LIGO Data Replicator

...A lightweight tool for replicating heavyweight data...

The LIGO Data Replicator (LDR) is a tool for replicating data sets to the member sites of a Virtual Organization or DataGrid.

The basic idea is simple. Your organization has data files generated or produced at one computing site, and you would like some infrastructure to automatically, efficiently, and robustly make copies of or distribute (or replicate) the data to other sites in your organization, and then make it possible for users to discover the files.

LDR is a collection of some tools provided by the Globus project along with some extra logic to pull the pieces together. The Globus pieces include

  • Globus GridFTP for fast transport of files between sites
  • Globus Replica Location Service (RLS) for keeping track of or cataloging the locations of files within your organization
  • A metadata service developed by the LDR team but based on a prototype Globus Metadata Catalog Service (MCS) for organizing useful information about your data files, especially as it pertains to when and where the data should be replicated.

We like to say that LDR is the minimum collection of components necessary for fast, efficient, robust, and secure replication of data. We have tried to make a tool that is straightforward to install, configure, and administor but at the same time scales to handle tens of sites and hundreds of terabytes of data.

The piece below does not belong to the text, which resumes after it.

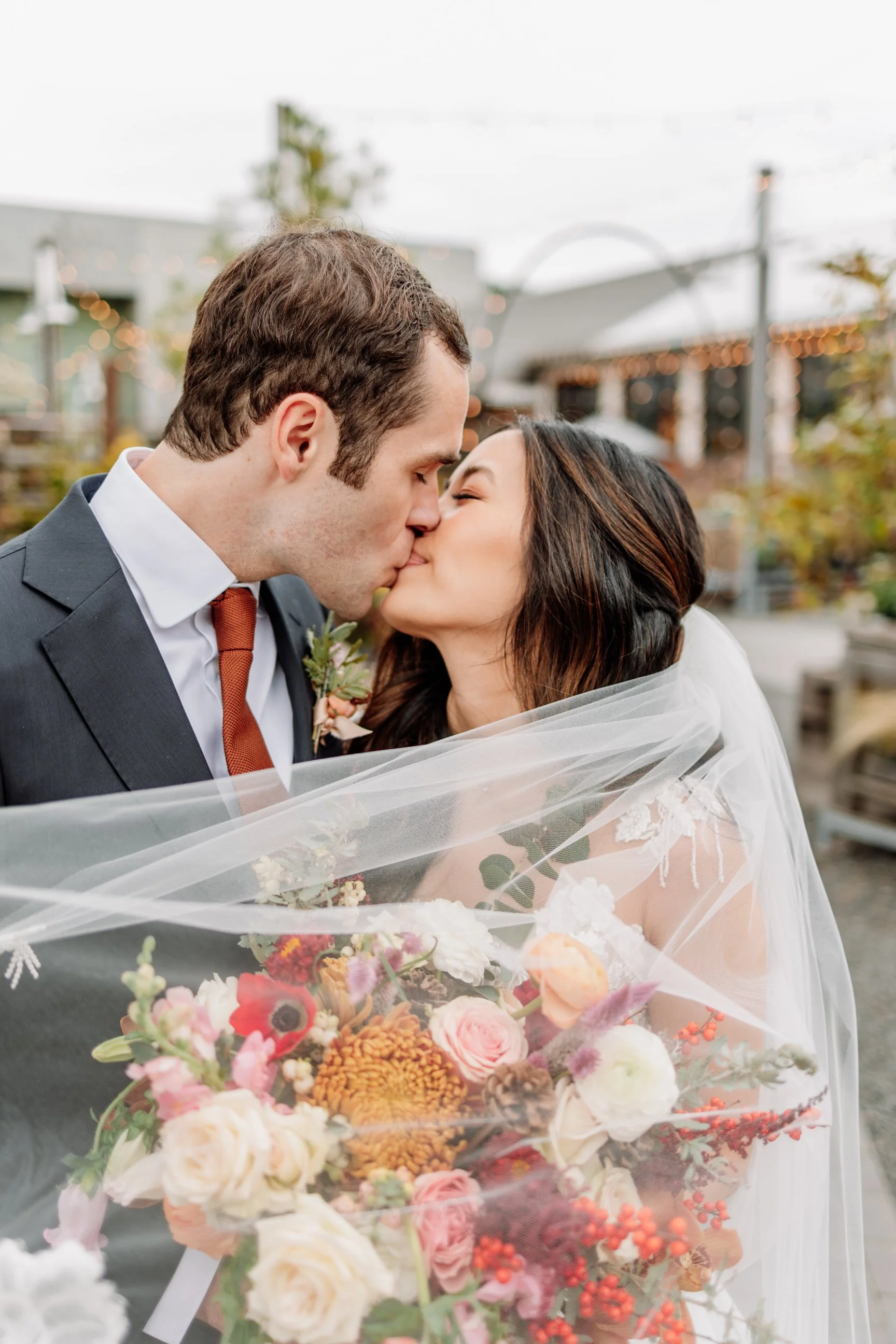 A newlywed couple sharing a kiss outdoors, with the bride holding a bouquet of colorful flowers and the groom in a dark suit with a rust-colored tie.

LDR is the right tool for your organization if...

  • your administrators spend a lot of hours making sure data gets copied from one site to another
  • the scripts your administrators are using for moving the data around have grown to become brittle and unmanageable
  • you are never really sure what data is located at which site
  • your people could get a lot more work done if everybody had a replica of the data locally on site
  • your organization has 50 or less sites and not more than a petabyte of data

LDR is not the right tool for your organization if...

  • you only are concerned about moving data from one site to another, or you have 100s of sites to be concerned about
  • you only have a few 10s of gigabytes of data to be concerned about or you have tens of petabytes of data to be concerned about
  • you require top dollar robustness and security, ie. no government or military types need apply (though we expect many university research groups could benefit from LDR)